§ HOW TO COMPLETE THIS TASK: Copy exactly the lines of the material below that fall between the line with "Beach Resort A" and the line with "Dining Room with", both of those lines included; pictures stay out.
:: DATA TO EXAMINE ::
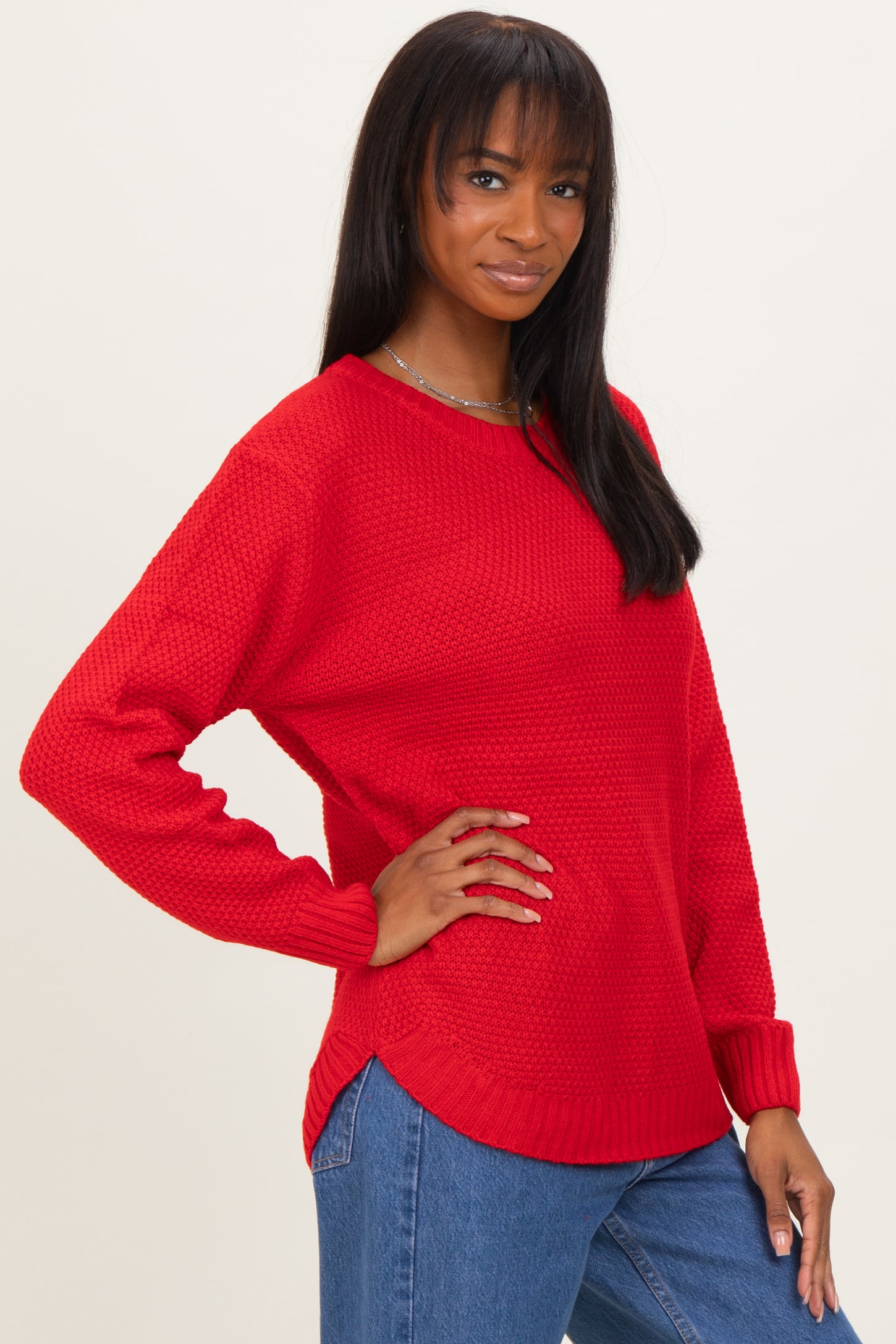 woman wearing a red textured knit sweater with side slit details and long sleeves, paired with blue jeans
:::
:: DATA TO EXAMINE ::
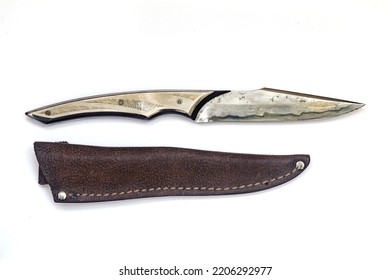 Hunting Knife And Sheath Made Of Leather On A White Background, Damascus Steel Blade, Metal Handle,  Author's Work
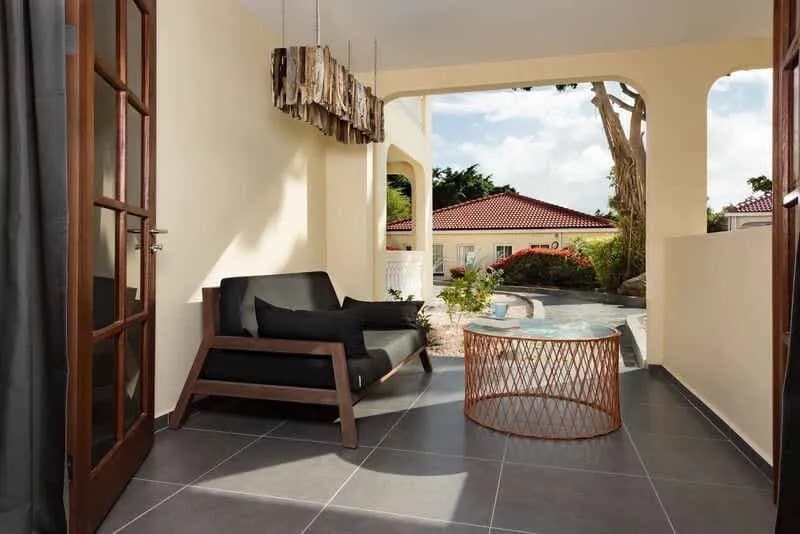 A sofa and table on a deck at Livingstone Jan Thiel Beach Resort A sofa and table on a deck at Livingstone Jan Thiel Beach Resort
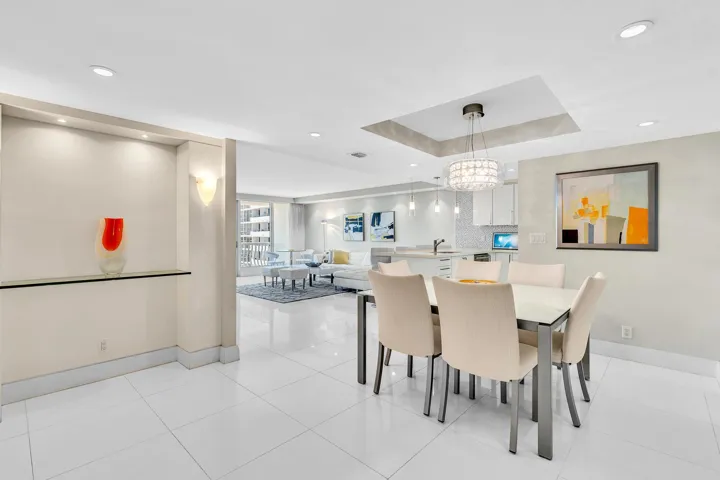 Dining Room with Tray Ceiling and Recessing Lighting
:::
§ FINISHED EXERCISE:
 A sofa and table on a deck at Livingstone Jan Thiel Beach Resort A sofa and table on a deck at Livingstone Jan Thiel Beach Resort
 Dining Room with Tray Ceiling and Recessing Lighting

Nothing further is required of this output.